DATA:
-- -- --

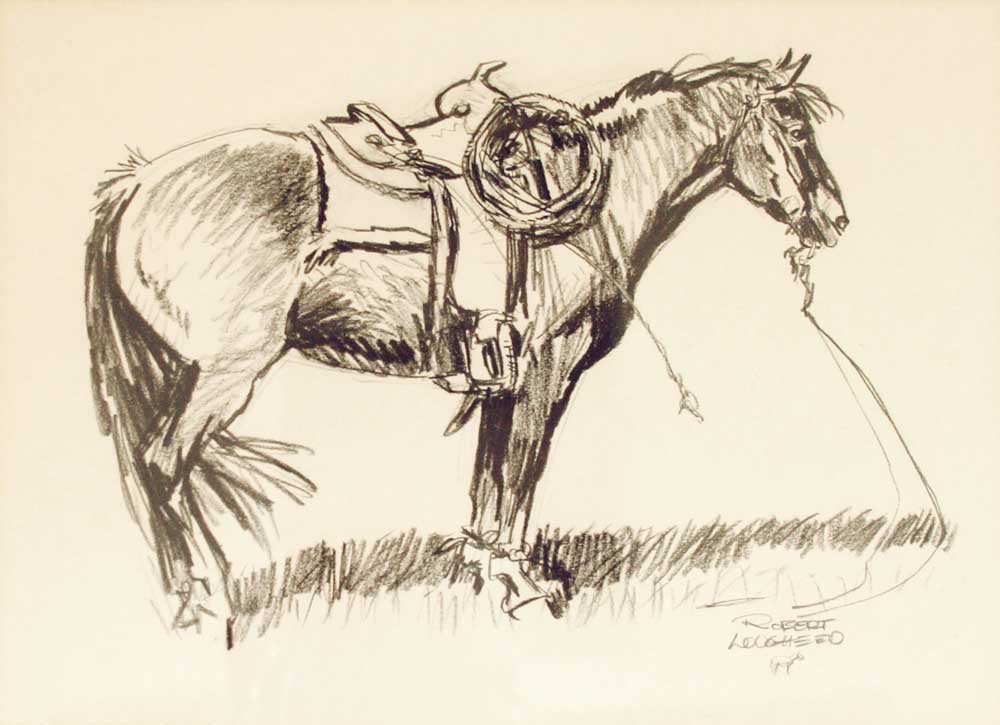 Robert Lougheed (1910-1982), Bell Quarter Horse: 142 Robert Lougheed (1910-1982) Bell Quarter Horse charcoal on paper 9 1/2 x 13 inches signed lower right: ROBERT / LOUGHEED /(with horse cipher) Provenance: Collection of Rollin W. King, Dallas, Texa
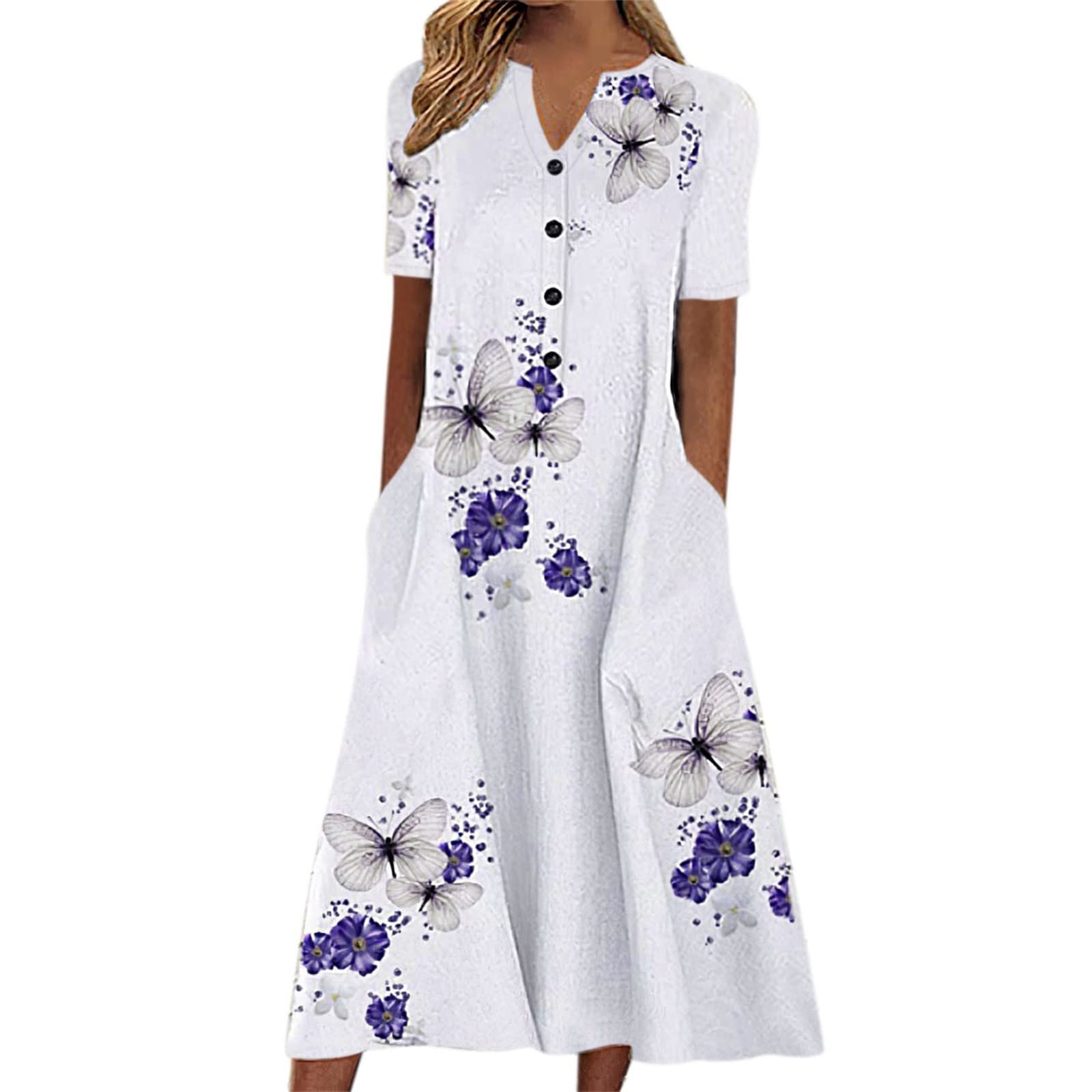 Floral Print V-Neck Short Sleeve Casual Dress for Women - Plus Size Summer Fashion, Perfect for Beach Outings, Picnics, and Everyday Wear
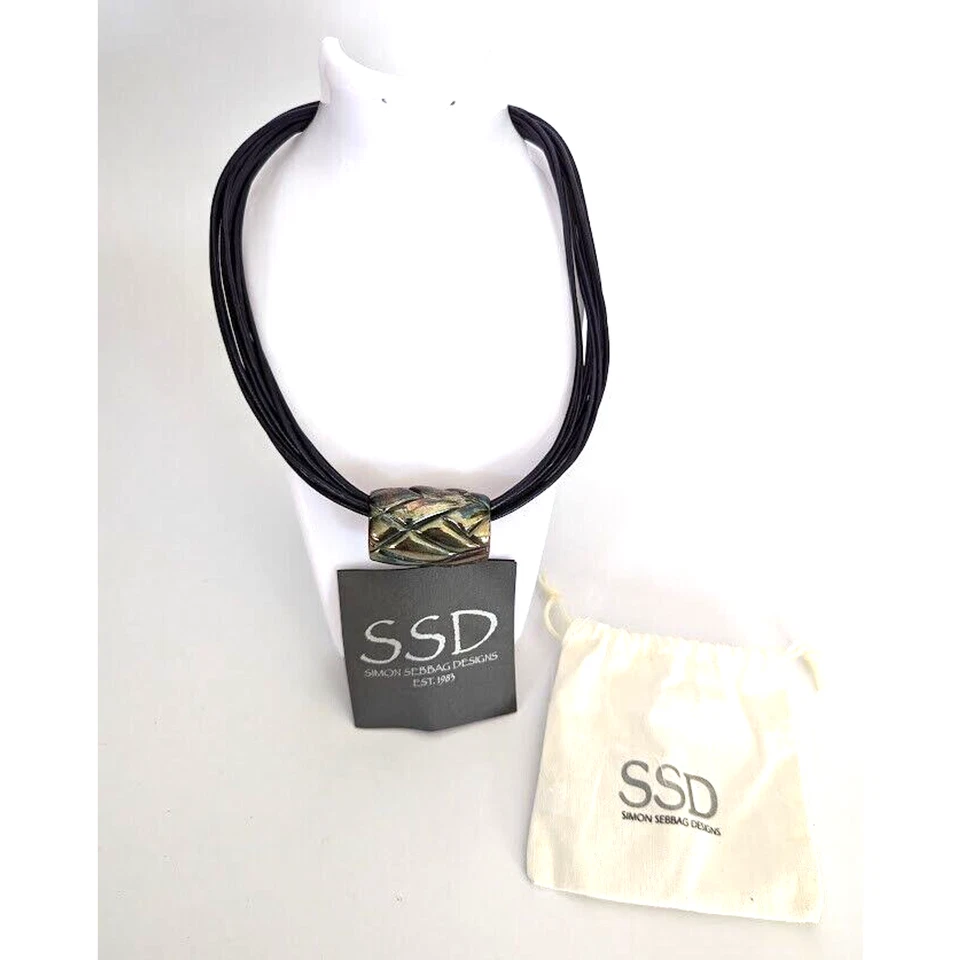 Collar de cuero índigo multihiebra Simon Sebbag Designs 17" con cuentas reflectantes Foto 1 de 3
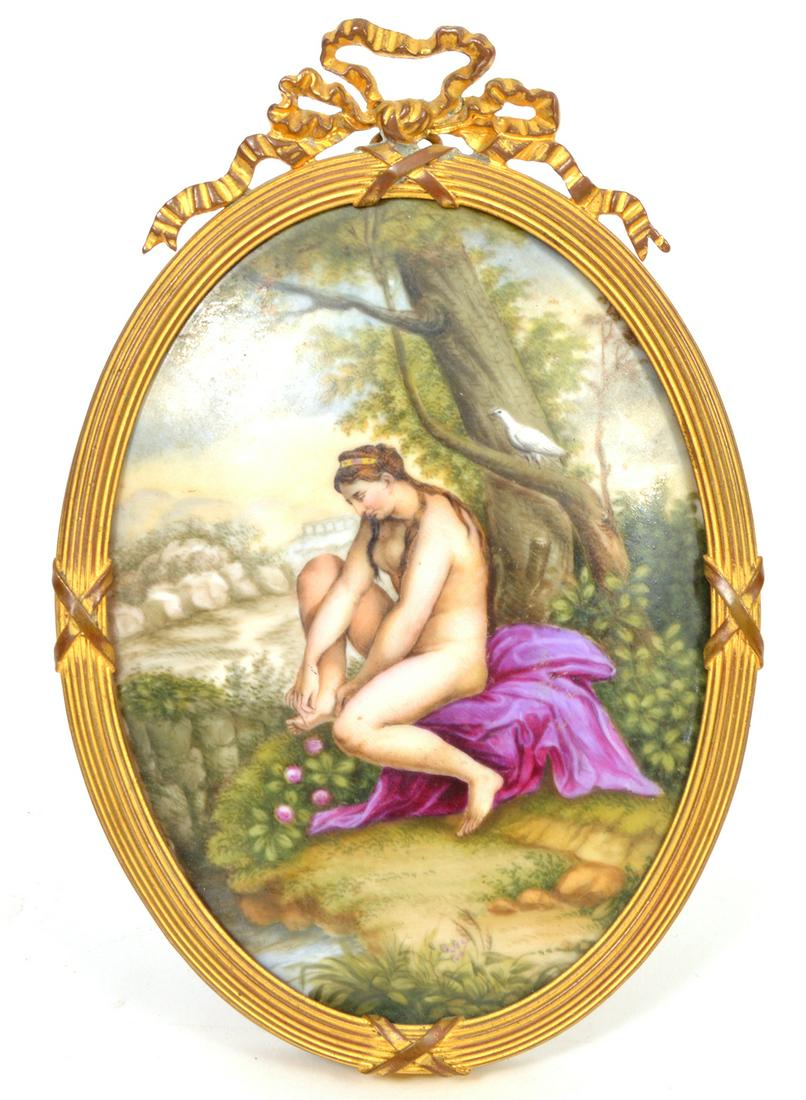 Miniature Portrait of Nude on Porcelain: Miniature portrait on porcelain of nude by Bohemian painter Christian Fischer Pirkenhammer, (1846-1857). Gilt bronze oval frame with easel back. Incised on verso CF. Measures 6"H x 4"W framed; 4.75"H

-- -- --

YOUR INSTRUCTIONS: When you retype the listing above, keep each line exactly as written and drop the pictures.

REPLY TO THE EXERCISE:
 Robert Lougheed (1910-1982), Bell Quarter Horse: 142 Robert Lougheed (1910-1982) Bell Quarter Horse charcoal on paper 9 1/2 x 13 inches signed lower right: ROBERT / LOUGHEED /(with horse cipher) Provenance: Collection of Rollin W. King, Dallas, Texa
 Floral Print V-Neck Short Sleeve Casual Dress for Women - Plus Size Summer Fashion, Perfect for Beach Outings, Picnics, and Everyday Wear
 Collar de cuero índigo multihiebra Simon Sebbag Designs 17" con cuentas reflectantes Foto 1 de 3
 Miniature Portrait of Nude on Porcelain: Miniature portrait on porcelain of nude by Bohemian painter Christian Fischer Pirkenhammer, (1846-1857). Gilt bronze oval frame with easel back. Incised on verso CF. Measures 6"H x 4"W framed; 4.75"H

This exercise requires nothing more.